One server, many protocols. A single HTTP server handles REST (room lifecycle, slot management, chat history, admin actions), Server-Sent Events (the lobby stream pushes room-list deltas), and WebSocket (per-game connection, /rooms/:id/game). The upgrade handler verifies the session id from the handshake URL, runs an origin check (CSWSH defense), confirms the session owns a seat in the room, and attaches a GameConnection that owns the socket for its lifetime.

Protocol. Zod-validated client messages on the way in (action, chat, requestRematch), a tagged union of server messages on the way out (hello, state, gameEnded, actionError, chat, rematchReady). Every state broadcast carries a monotonically increasing stateVersion. The client drops frames whose version is strictly less than its watermark, which defends against the reconnect race that otherwise rewinds the UI to an earlier turn.

Heartbeats at the protocol level. ws.ping() / ws.pong() rather than a custom ping message. Browsers handle the pong transparently. The server pings every 25 seconds and terminates on the first missed pong, which means dead-connection detection runs in at most 50 seconds from the last successful round trip.

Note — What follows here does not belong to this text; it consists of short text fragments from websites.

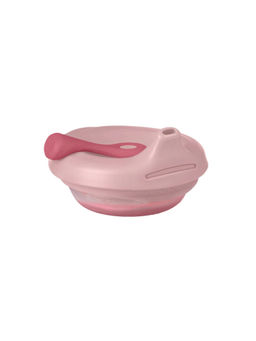 b.box - Blush Pink Fill + Feed Silicone Feeding Pouch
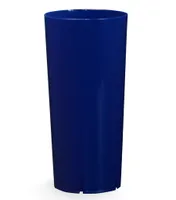 AKU® To Go Becher 500 ml/0,50 l, Mehrweg, Kunststoff, blau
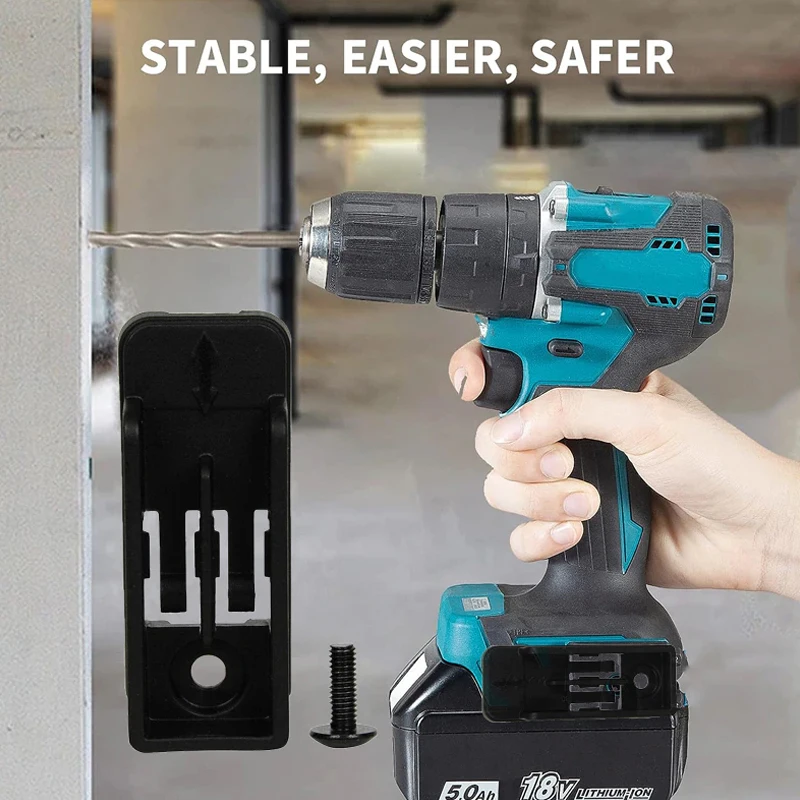 Bit holder hook Dual For Makita/Dewalt/Milwaukee Power Tool Accessories Holder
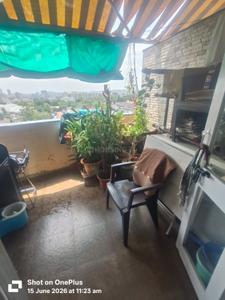 Balcony Image of 800 Sq.ft 1 BHK Apartment / Flat for sale in Woodland Avenue, Kothrud Pune for Rs. 10500000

Resilience details that earned their keep:

• 16 KB maxPayload. The largest legitimate game action is about 500 bytes. Anything over 16 KB gets dropped before the engine sees it.
• Per-connection token buckets. Separate budgets for game messages (10 burst, 5/s refill), chat (5 burst, 0.5/s refill), and illegal-action errors (3 burst, 1/s refill). A chatty client cannot starve the action path; a buggy client spraying illegal actions cannot drown out legitimate traffic.
• REST rate limiter keyed on compound bearer::remoteAddress. WS upgrade limiter keyed on remote IP only (the session id is not yet verified at handshake time, so an unverified value cannot key the bucket).
• Disconnect grace. 60 seconds. If a player's socket drops mid-game, the seat stays theirs; a random-legal-move bot takes their turns once grace expires so the game does not stall. They can reclaim the seat any time before the game ends by reconnecting.
• Backpressure. If a connection's buffered output exceeds 256 KB (slow consumer), the server closes it with 1008 rather than accumulating memory.
• Rematch. The finish screen keeps the socket alive. requestRematch creates a new room server-side with the same humans re-seated at their slot indices; the first human to attach claims host via the existing migrateHostAwayFromBot path.

Client useGameSocket hook. Exponential backoff with jitter for reconnects (500 * 2^attempt capped at 10 s, ×(0.5 + rand/2) jitter). Bounded outbound queue of 32 messages (FIFO-evicts under backpressure so buggy clients cannot OOM their own tab). Watermark-based stale frame drop so out-of-order delivery during reconnect does not rewind UI state.

Testing. 153 server-side tests including full end-to-end integration flows that actually open WebSocket handshakes against a live ephemeral server, play out hot-seat turns, exercise disconnect grace by letting timers expire, and assert bot takeover.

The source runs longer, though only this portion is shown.